Note: This is a sub-section of MacAdam, Brothers and Co

MacAdam, Brothers and Co made water turbines of the Fourneyron-type.

William Cullen (of Armagh) had travelled to France to learn more about this type of machine. Benoit Fourneyron was uncooperative, but Cullen visited Fourneyron's model maker, the foundry which produced Fourneyron's castings, another turbine-manufacturing company, and a lecturer in hydraulics. He was able to glean sufficient information to build and test models, and this gave him the confidence to embark on the design of large scale turbines. Cullen and Robert MacAdam joined forces to produce the machines for sale. The first machine was installed in a linen bleach mill at Mullaghmore in 1850.[1] [2].

1850 'THE IMPROVED TURBINES OR HORIZONTAL WATER-WHEELS.
THE SUBSCRIBERS ARE PREPARED to undertake the erection of Turbine Water Wheels of the improved construction, and for any height of fall. - Reference can be given to several powerful ones now at work in this neighbourhood, which they have lately erected. M'ADAM, BROTHERS, & Co., Engineers, Soho Foundry. Belfast, November, 1850.'[3]


1857 'IMPROVEMENTS IN HYDRAULIC MACHINERY. "The remarkable horizontal water-wheel, or Turbine, lately erected at the Eggleston Smelt Mills, in connection with the saw mills, has drawn our attention to the improvements which have recently been introduced in the application of waterpower, as being a subject of much importance in this part of the country. We have taken some trouble to make inquiries, and hope tho result may not be uninteresting to our readers; more especially as the Tees and its tributary streams offer the very highest facilities for the application of water-power.
"About ten years ago the makers of this machine (Messrs. M'Adam Brothers & Co., a respectable engineering house at Belfast) introduced the first turbine into the north of Ireland, and such was the incredulity with regard to its success, that they were obliged to erect it on their own responsibility. It answered perfectly, and has been at constant work ever since in a large linen bleachwork, the proprietors of which subsequently had a second Turbine erected there by the same firm. From that time the value the Turbine became rapidly appreciated in Ireland; and Messrs. M'Adam have erected numbers of them in various part of that country, and in connexion with different kinds of machinery, such as grinding. spinning, sawing, bleaching, &c. For some time the opinion prevailed that these wheels were exclusively adapted for high water-falls, and that for low falls the ordinary water-wheel was preferable.
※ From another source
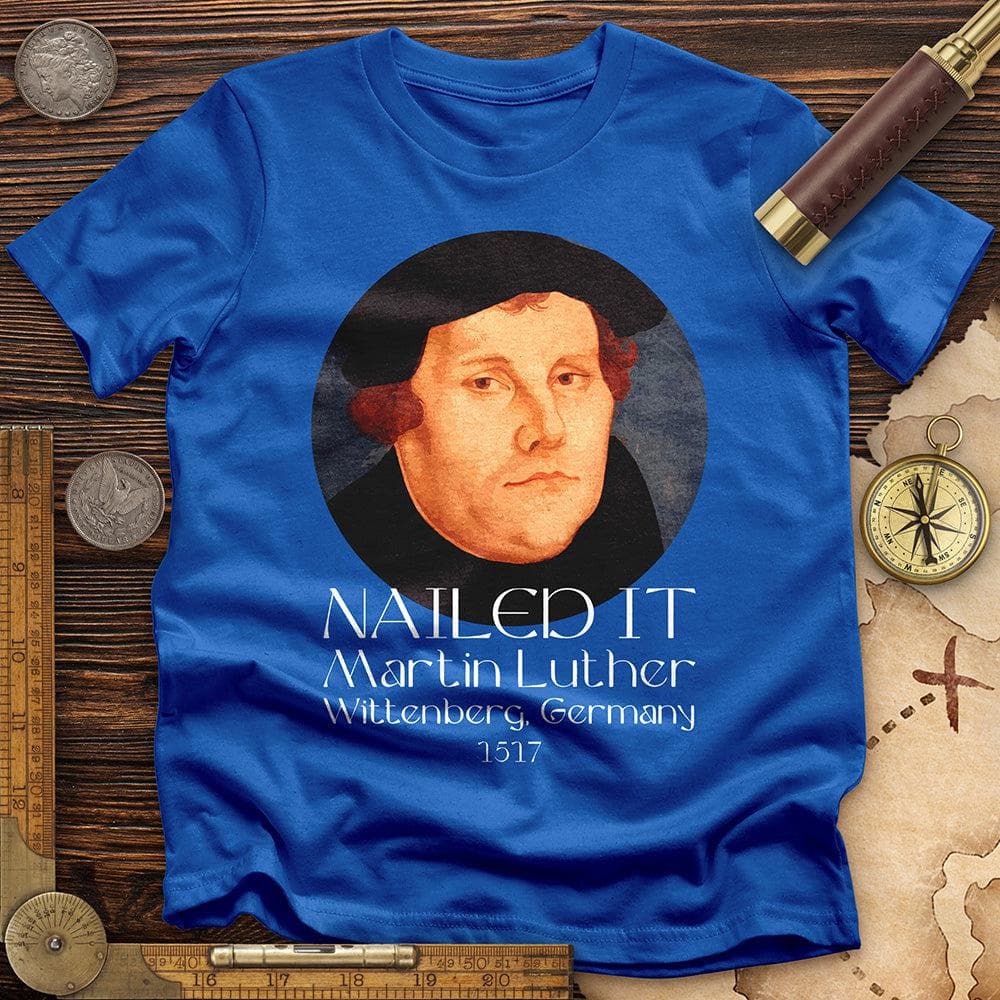 Martin Luther T-Shirt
This is now found to be altogether a mistake. Not only does the Turbine give a higher per centage of power on a low fall than the best constructed vertical wheel, but it has been ascertained that it possesses besides a remarkable and valuable property which fits especially for low falls. In such falls, in the majority of cases, great annoyance is experienced from floods and backwater, which have the effect of impeding and often stopping altogether the water-wheels working in them. Strange to say, the Turbine is scarcely affected in its motion by backwater; but, during the highest floods (so long any fall remains) it continues to drive the machinery attached to it. In one instance, in the north of Ireland, where a Turbine is erected on a 20-feet fall, there are every year floods rising in the tail-race to a height of 10 1/2 feet; and while this causes the stoppage of all the water-wheels in the neighbourhood, the Turbine works as usual, unaffected the back-water, except, of course, in so far as the reduction in the height of fall diminishes its power for the time. We have no doubt there are many localities in our own district where such a wheel would be of great importance.
"The experience of the makers has suggested to them an improvement of great consequence in the construction of the Turbine, which fits it for a still greater variety of situations. Many supplies of water are very variable, being abundant in winter and small in summer. By an ingenious arrangement the Turbine is made to adapt itself to any change of supply, and still preserve its high per centage of power. The motion of the wheel is beautifully regular, and found to suit for all manufacturing operations where great uniformity of motion is required, such as power-loom weaving, yarn spinning. &c. In several cases a "governor" has been applied to it, which renders it as steady as the best steam-engine.
"One great advantage attending this kind of water-wheel is the simplicity and cheapness of the gearing required for connecting it with the machinery to be driven. None of the ponderous wheels and fixtures are necessary which are indispensable with an ordinary vertical water wheel, a single pair of moderate sized wheels being usually sufficient. The same applies to the masonry, which is of a far less expensive kind than is required for a vertical wheel. As to the amount of power given by the Turbine, when compared with other numerous interesting experiments have been made and published, shewing that this machine gives out from 75 to 85 per cent. of the power of the water; a result much beyond anything yet accomplished by the best vertical wheels. These experiments were made by means of the friction-break.
"Although the Turbine has now been successfully used in Ireland for ten years, and in France and Germany for double that time, it is singular that it is yet hardly known England. The Turbine at Eggleston Mills is of small size, and erected on a fall of 48 feet; but its construction is similar to the larger machines erected elsewhere." [4]

Catteshall Mill Turbine

1869-70 A large low-head, low speed Fourneyron-type turbine was supplied to Catteshall Mill on the River Wey at Godalming. See photos. It developed approx 50 HP at 25 rpm. It ran until the 1960s, and when the site was redeveloped in 1981 the main components were saved for preservation. They were moved to Ironbridge, where they can be seen in the yard at the Enginuity Museum.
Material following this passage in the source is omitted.